Saturday, April 21, 2012

Overheard at the Ballpark

Today my husband and I went with some dear friends of ours, Matt and Jillian, to a Detroit Tigers game.  Our journey there began in early March when Matt and I were chatting via Facebook message about Beyond Belief: Finding the Strength to Come Back, Josh Hamilton's autobiography.  Matt, Jillian, and I had recently read the book, and Matt and I were discussing how fun it would be to watch Josh and the Texas Rangers play when they made it to Detroit.  It happened to be this weekend, and today worked perfectly for all of us. 

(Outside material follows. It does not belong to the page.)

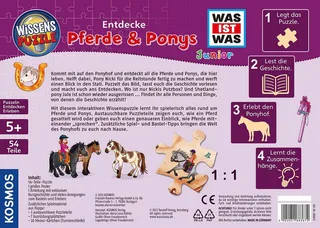 Puzzle KOSMOS 683672 - Wissenspuzzle Junior Entdecke Pferde & Ponys, Puzzleteile de KOSMOS – boîte 2 sur 4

Last night, my husband and I sent our kids off to Grandma and Grandpa's house, enjoyed dinner out at Licari's Sicilian Pizza Kitchen, slept in a bit this morning, and then climbed into Jillian's Honda Pilot for the trip to the Big D.  It was cloudy.  It was windy.  It was disappointing, because a rainout Friday night pushed the pitching off by a game, and we didn't get to see Justin Verlander pitch.  It was COLD.  And the first inning was terrible.  Rick Porcello let 8 runs cross the plate, and only one of them was a home run (go, Josh!).  The Rangers made it all the way through their batting order 1 1/2 times.  In the 1st inning.  The Tigers wouldn't get that far until the 5th.  Things settled in, but it was still cold and ugly.  And we were in the bleachers, and there were rowdy people all around us, and there were a lot of funny things to overhear.

So, here it is.  As overheard in the car and at a cold and windy blowout game at Comerica Park:

*NOTE: Names have NOT been changed to protect the guilty, and context is provided only when it serves my purposes.

"Why can't Verlander pitch both games?"  Random lady in line at the Mexican place
"I don't know anything about baseball.  I just know that Verlander is my next husband."  Same random lady after Jillian explained that Justin's arm would fall off if he pitched two games

"The case of Natty Ice I drank before coming here doesn't really help the situation any."  Drunk girl sitting behind us

"I hate these nail-biter games.  They make me so nervous!"  Beka's dad, in a text message during the 1st inning, when the score reached 8-0
"Oh, is there a game going on?  I thought it was Rangers batting practice."  Beka's response

"Lady, I'm going to rip your visor off and take your bubbles."  Jillian

"That's not your real hair." Matt, as muttered under his breath and subsequently overheard by the woman with the fake hair sitting several rows ahead of us.  She then lifted her visor off to demonstrate.

"Stop it.  This isn't a wedding."  Jillian

"I've never been afraid to say how I feel."  Jillian
"That's why you scared me."  Matt
"Yes.  That's why I was afraid of you."  Beka, at the exact moment Matt was responding

"Now she's dancing.  That's why I don't like women."  Beka

"I used to get the two cheeseburgers meal supersized.  When I was ten years old."  Matt

"I can't stand Ben Roethlisberger as a person."  Beka
"Well, I'm not really talking to him much personally, so I don't mind all that."  Matt
Less than two hours later:
"I can't stand Ty Cobb.  He was a terrible person."  Matt

"I'm not too excited about Trader Joe's.  Isn't it just some big flea market?"  Matt

"Do you realize that you never see baby pigeons?  You only see adult pigeons."
"...There is no such thing as baby pigeons."  Random drunk girls behind us, arriving at this conclusion after a five-minute conversation consisting of comments exactly like the first line

"I'm going to start calling you guys camels and bring you a vat of water."  Red Robin waitress to Beau

"Sister, you just keep driving your handicapped car!" Jillian


"That's so racist!"  Matt, to Jillian
"I didn't say anything!"  Jillian, pretending there was a defense for her actions
"I knew what you were thinking!"  Matt

"I made a White Power shirt."  Jillian
"Well, we had a Black Power one, too, so we were equal opportunity."  Matt

"You were right two times today, Beau."  Beka
"No.  I was right three.  That time and two others."  Beau
"You cheated!"  Beka, Matt, and Jillian
"Not every time."  Beau

"Oh, s---."  70+-year-old woman, after realizing she and her husband were on the kiss cam

"Is there a rest area coming up?  I need to stop.  I drank a lot of water."  Beau
"Where's the hump where you store your water, Camel?"  Matt

We had a great time!  Can't wait until our next double date with the crazy Gajtkas.

2 comments:

Jillian said...

Plus other crazy one liners that are not appropriate for this post :)

Allison @ The Golden Sycamore said...

LOL!! Love it! Sounds like you guys had a great time despite the depressing loss!